En efecto, el Señor hace surgir un mundo nuevo, una era de libertad y salvación. A los ciegos se les abren los ojos, para que gocen de la luz que brilla. El camino resulta ágil y la esperanza florece (cf. v. 16), haciendo posible seguir confiando en Dios y en su futuro de paz y felicidad.

5. Cada día el creyente debe saber descubrir los signos de la acción divina, incluso cuando se oculta tras el fluir, aparentemente monótono y sin meta, del tiempo. Como escribía un estimado autor cristiano moderno, "la tierra está impregnada de un éxtasis cósmico: hay en ella una realidad y una presencia eterna que, sin embargo, normalmente duerme bajo el velo de lo cotidiano.

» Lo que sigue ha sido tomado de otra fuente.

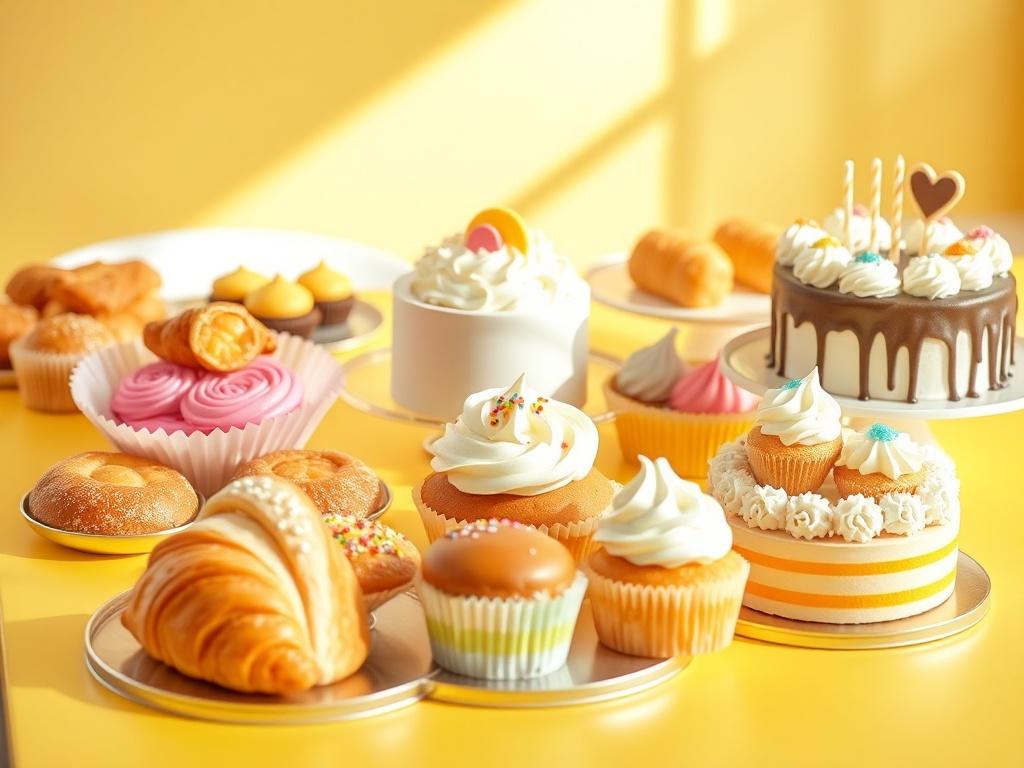A high-resolution photo of an assortment of freshly baked pastries, including fluffy croissants, colorful cupcakes, and elegant celebration cakes, beautifully arranged on a bright yellow table. The background should be softly blurred to emphasize the pastries, with warm natural light illuminating the scene, creating an inviting and cheerful atmosphere. The overall color palette should highlight bright yellow and white tones, enhancing the fresh and energetic mood suitable for a delivery service.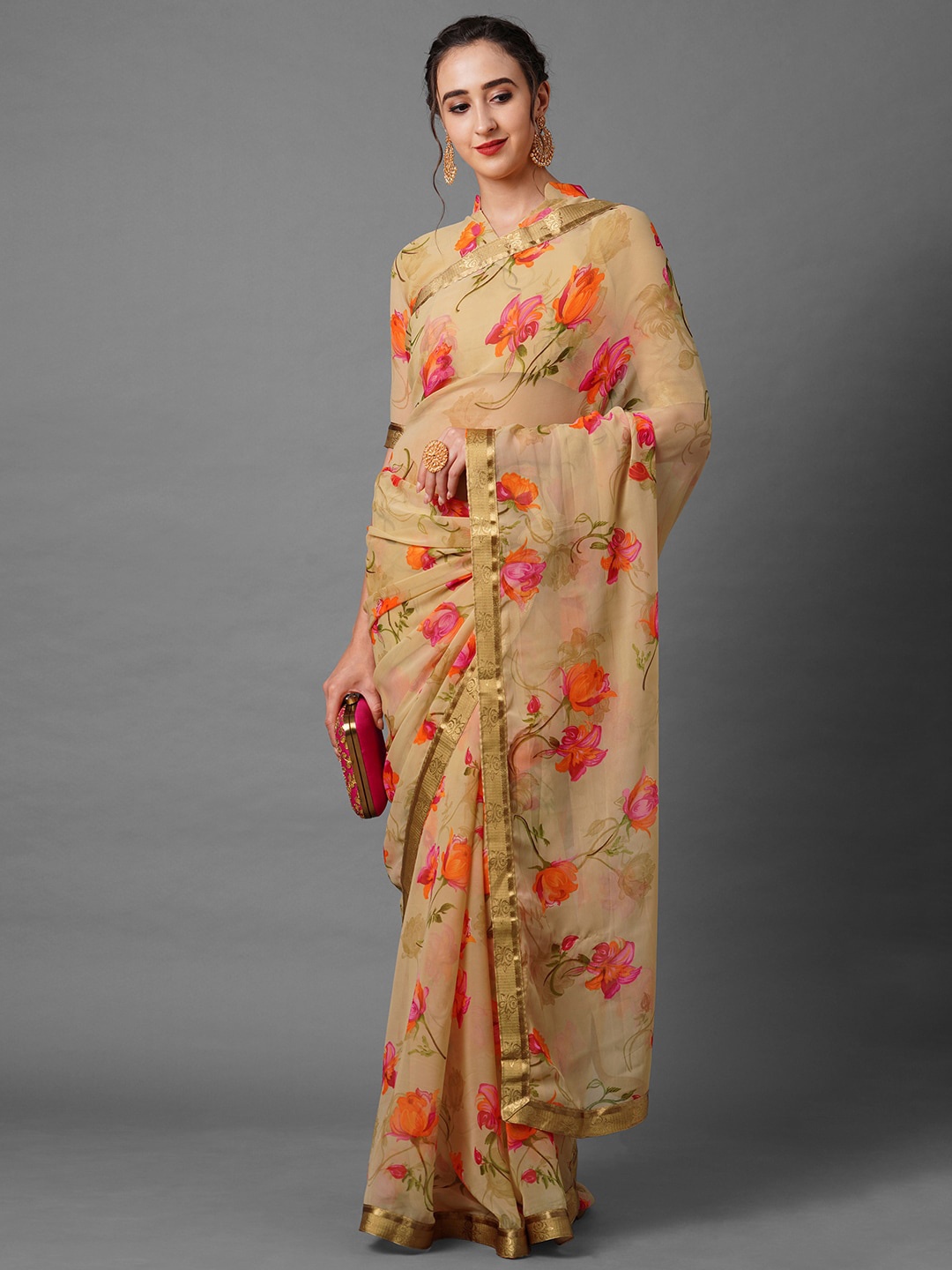 

Mitera Beige & Orange Floral Printed Saree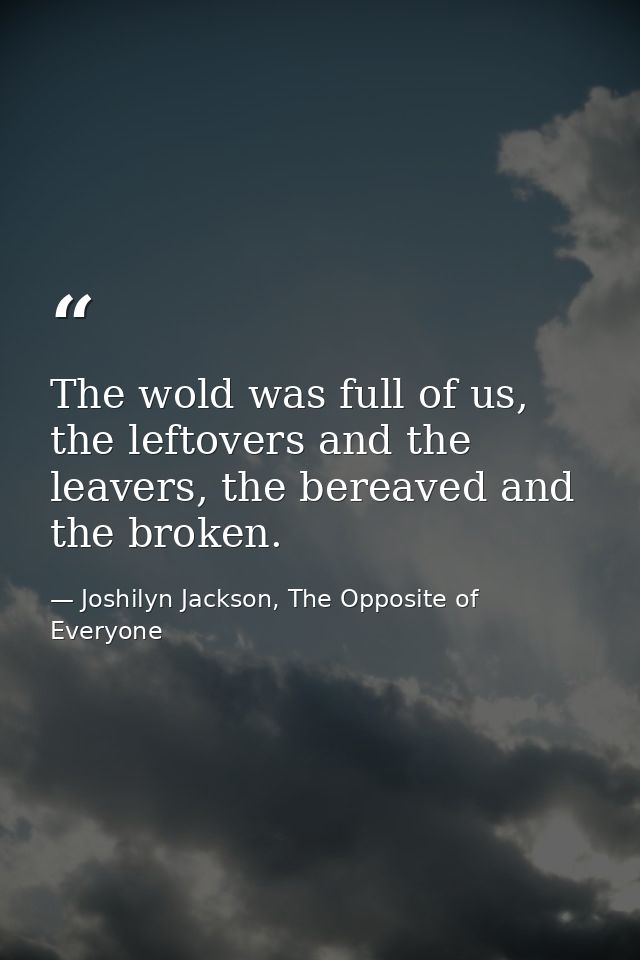 The wold was full of us, the leftovers and the leavers, the bereaved and the broken. — Joshilyn Jackson, The Opposite of Everyone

La realidad eterna debe revelarse ahora, como en una epifanía de Dios, a través de todo lo que existe" (Romano Guardini, Sapienza dei Salmi, Brescia 1976, p. 52).

Descubrir, con los ojos de la fe, esta presencia divina en el espacio y en el tiempo, pero también en nosotros mismos, es fuente de esperanza y confianza, incluso cuando nuestro corazón se halla turbado y sacudido, "como se estremecen los árboles del bosque por el viento" (Is 7, 2). En efecto, el Señor entra en escena para regir y juzgar "al orbe con justicia, a los pueblos con fidelidad" (Sal 96, 13).